Posted on 04/11/2009 6:26:49 AM PDT by Zakeet
William Dean Singleton, a newspaper publisher and chairman of the Associated Press, speaks for many of his comrades when he says online news aggregators are making him "mad as hell and we are not going to take it any more."
Singleton and his colleagues threaten legal action against Web sites like Google, Drudge Report, Huffington Post and Digg -- the sites that have been linking to their newspaper stories without paying.
But their righteous indignation is misplaced. Forget that these aggregators push vast amounts of traffic to their sites and readers to stories that would otherwise disappear without a trace. Google alone claims to send a billion clicks a month to news sites.
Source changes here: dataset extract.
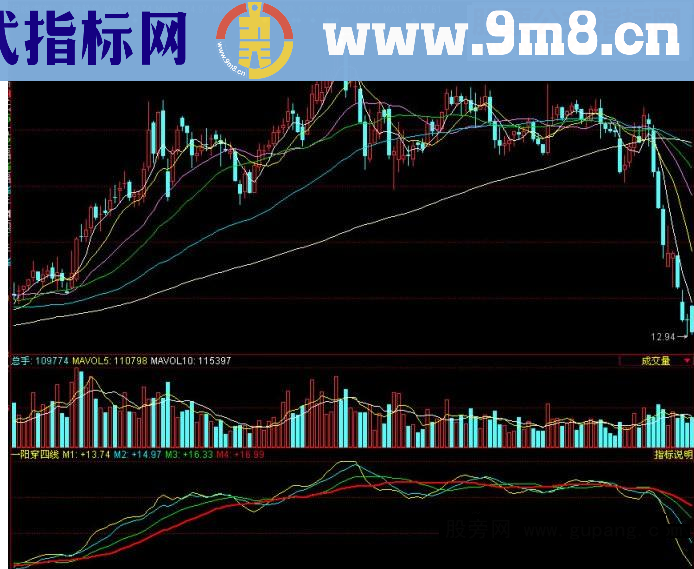 同花顺一阳穿四线源码副图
News publishers easily could block Google's spiders with a simple text file. But then their stories would not appear on Google News or in its search engine. You don't hear news publishers talk about this because that's the last thing they want.
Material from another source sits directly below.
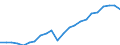Währung: Million Euro / Statistische Systematik der Wirtschaftszweige in der Europäischen Gemeinschaft (NACE Rev. 2): Insgesamt - alle NACE-Wirtschaftszweige / Metropolregionen: Iserlohn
The truth is aggregators aren't the problem. It's the business model.
[Snip]
Article's Conclusion: What's the solution? There isn't one. We are in the midst of a paradigm shift. The big media companies with huge legacy costs pertaining to gathering, printing and distributing information either will adapt or die. That means getting a lot smaller -- and fast.
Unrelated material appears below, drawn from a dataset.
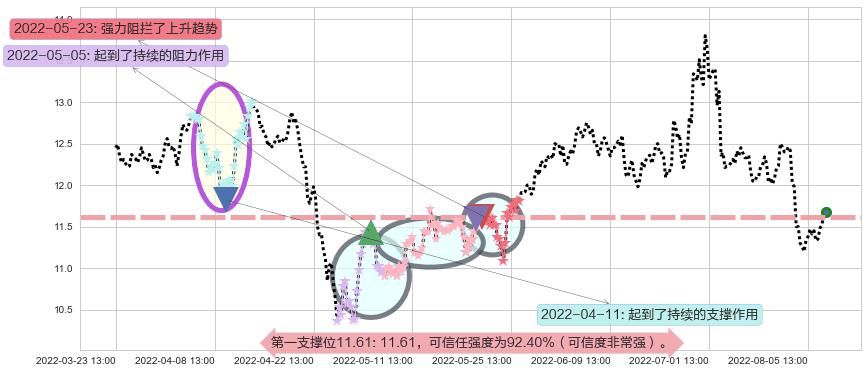 万达电影阻力支撑位图-阿布量化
If you think it's bad now, it's likely to get a lot worse. There was once a whole industry dedicated to the creation and distribution of ice, with trucks delivering door-to-door. The emergence of the refrigerator and freezer melted that business.
After the dust clears, new media organizations, new business models and new journalists will rise from this. And there's a lot of creativity being unleashed by the chaos. All this doesn't mean the death of journalism, it just means the end of a business model.
(Excerpt) Read more at marketwatch.com ...
Essentially, the MSM rags became monopolies with captive audiences. This attracted advertising as long as there were no other viable alternatives.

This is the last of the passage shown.